Berbagai bantuan dilakukan juga dalam kegiatan pemberdayaan masyarakat (yang merupakan bagian dari program Green Wall ini), diantaranya pemberian bantuan bibit dan bimbingan usahatani sayuran dan ternak kambing serta pohon multi guna (MPTS) seperti aren (Arenga pinata), nangka (Artocarpus heterophyllus), jambu (Syzigium guajava), rambutan (Nephelium lappaceum), pala (Myristica fragrans), jengkol (Pithecollobium lobatum), dan petai (Parkia speciosa).

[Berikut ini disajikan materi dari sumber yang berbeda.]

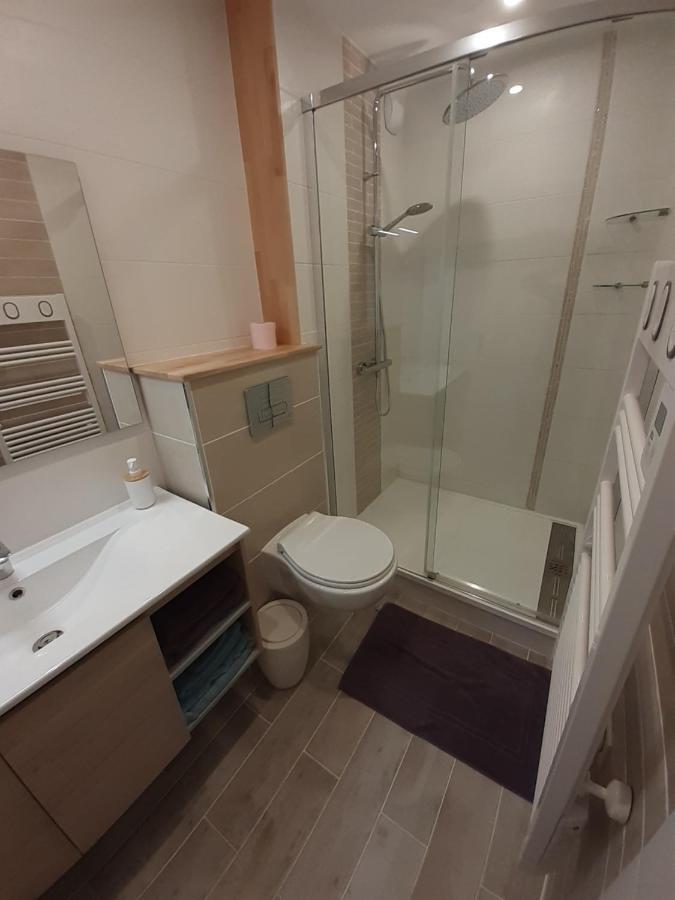 Studio Centre - Tout Confort - Tout A Pied La Baule 외부 사진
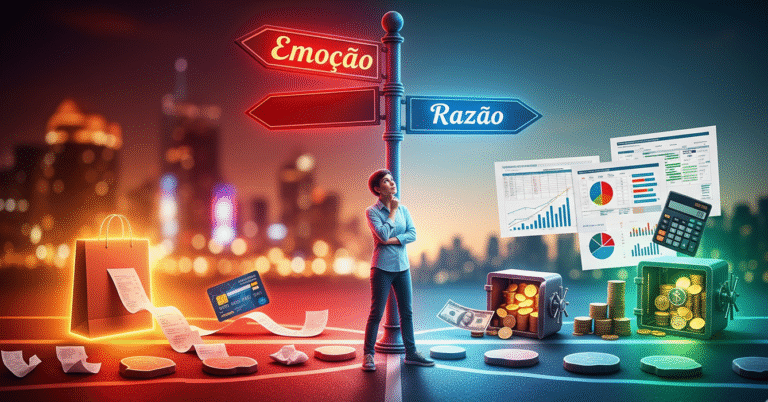 Tomada de decisão financeira sem armadilhas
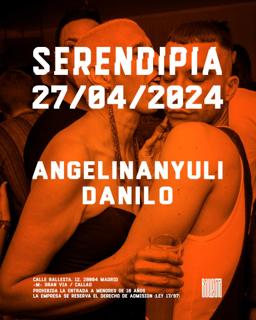 Serendipia: Angelinanyuli + Danilo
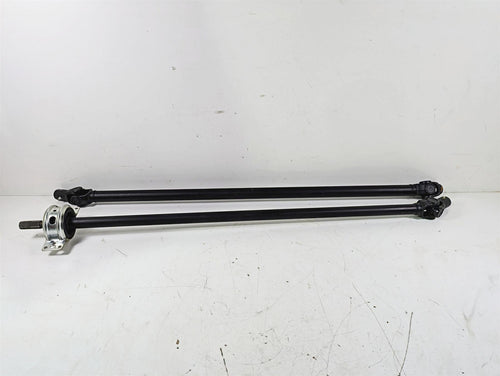 2022 Polaris RZR XP 4 1000 Premium Center Prop Drive Axle Set 1333194 1333424 | Mototech271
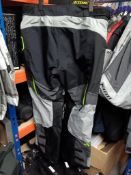 Klim Traverse Motorbike Pant; Colour: Gray Electrik Gecko; 4051-002-036-630; Size: 36; RRP £500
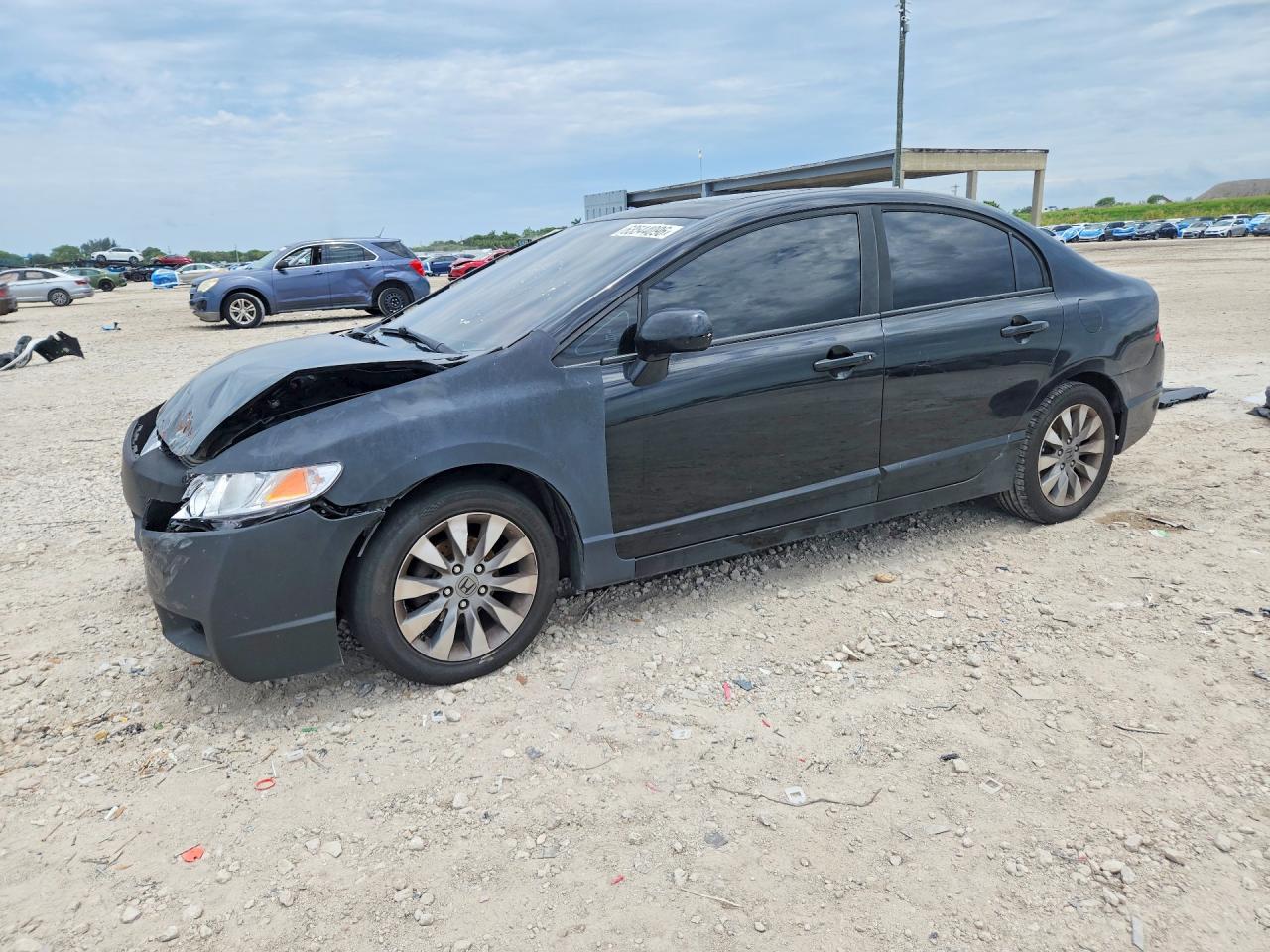 19XFA1F94AE012762 · 2010 HONDA CIVIC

Gambar 5. Pengembangan Program Green Wall di Kampung Lamping berupa Pengembangan Usaha Ternak Domba
Manfaat atau “out come” program “Green Wall” sudah mulai dapat dirasakan, pemandangan yang tadinya gersang sekarang sudah mulai indah, sejuk, dan menghijau. Tentunya jasa lingkungan berupa fungsi produksi oksigen, penyerapan karbon, dan pengaturan tata air berjalan semakin baik. Beberapa penduduk Kampung Lamping melaporkan, paling tidak ada dua mata air yang beberapa tahun belakang ini sudah mati, sekarang (setelah “Green Wall” benar-benar menghijau) berair lagi bahkan bisa men-suplay air secara normal meskipun pada musim kemarau.

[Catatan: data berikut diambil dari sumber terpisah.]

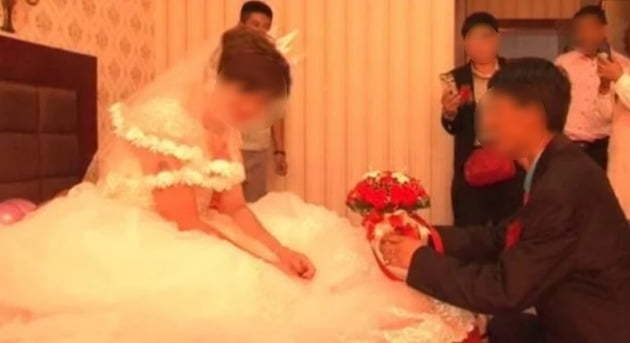 미국 온라인 디미더 오디티센트럴은 5월 31일 중국인 남성 인청이 중매로 만난 아내에게 결혼 사기를 당한 황당한 사연을 보도했다. 사진=오디티센트럴 캡처
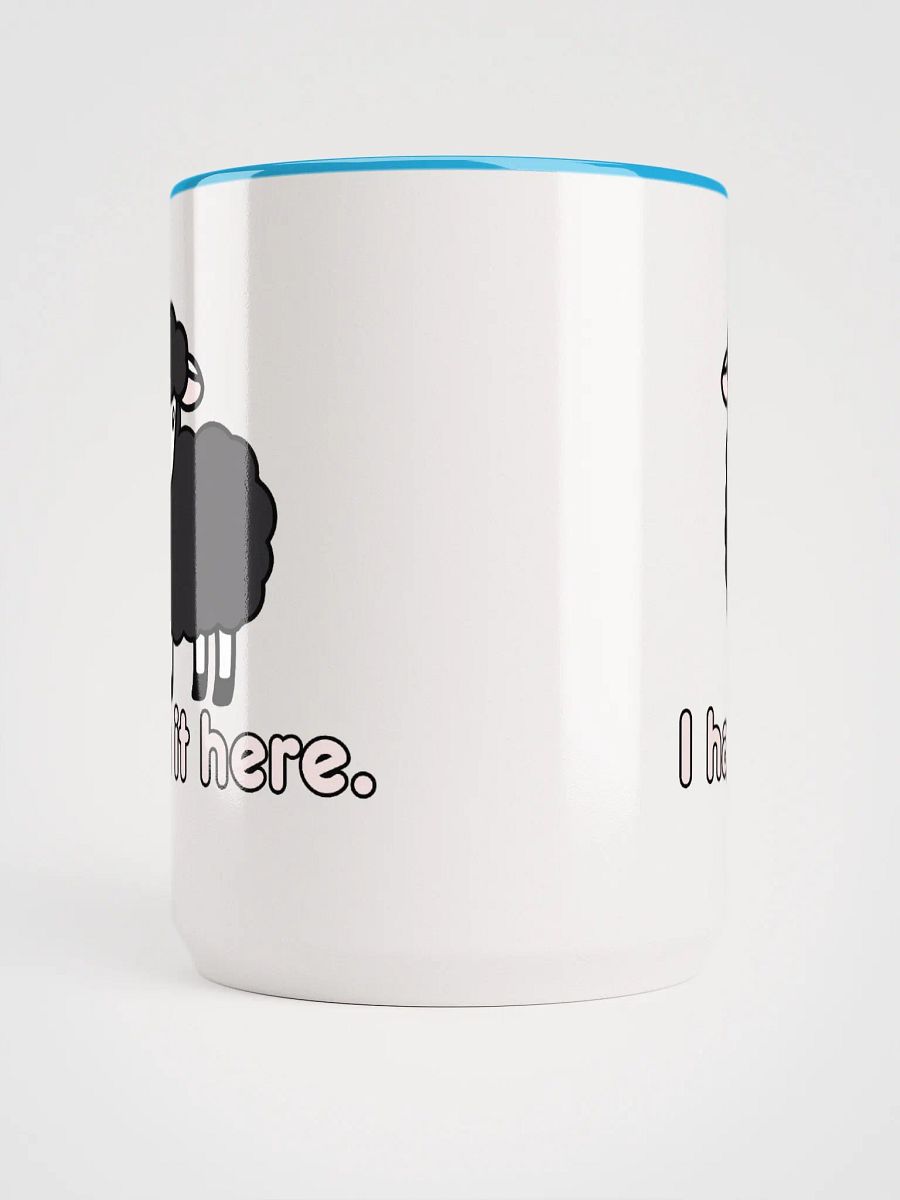 Black Sheep 15oz Mug product image (17)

Bantuan ternak domba sudah berhasil menembus masyarakat di luar kelompok tani sasaran (awal). Kelompok tani yang menjadi sasaran (penggarap lahan hutan) sejumlah 500 orang terbagi dalam 26 kelompok, masing-masing kelompok diberi beberapa ekor bibit domba yang harus digulirkan kepada sesama anggota kelompok yang belum kebagian. Sampai saat ini guliran terus berjalan meskipun semua anggota kelompok sasaran sudah kebagian, guliran sudah mulai menembus masyarakat di luar kelompok tani sasaran, bahkan di Kampung Lamping hampir semua keluarga kebagian kambing guliran.
Meskipun tidak disadari masyarakat, hasil pengamatan rekan-rekan dari kegiatan kolaborasi “Green Wall”, beberapa jenis hama yang “booming” pada saat maraknya masyarakat berkebun di lahan hutan, seperti “ku’uk” (hama uret), semakin menghilang seiring dengan semakin berkurangnya kebun dan semakin baiknya kualitas hutan.
Dengan melihat dan merasakan manfaat keutuhan hutan serta karena lahan garapannya sudah tertutup pepohonan, dan memang juga sudah terjadi peningkatan kesadaran maka secara sukarela para penggarap lahan hutan meninggalkan lahan garapannya, beralih pada mata pencaharian yang dikembangkan pada program poemberdayaan masyarakat (community development). Sekitar 37,11 % para penggarap sudah turun gunung atau kawasan TNGGP, sisanya sudah menyatakan siap turun gunung dalam waktu dekat tanpa ada paksaan.
Dengan berhasilnya pemulihan ekosistem hutan ini, tantangan lain yang harus ditangani adalah upaya antisipasi terulangnya penggarapan lahan hutan pasca turunnya para penggarap, disamping tentunya melanjutkan upaya pemulihan eksositem ditempat lainnya. Pemantauan dan pemeliharaan tanaman hasil restorasi yang 320 hektare pun perlu terus lakukan. Perjuangan belum selesai, perlu terus dilanjutkan dan ditingkatkan.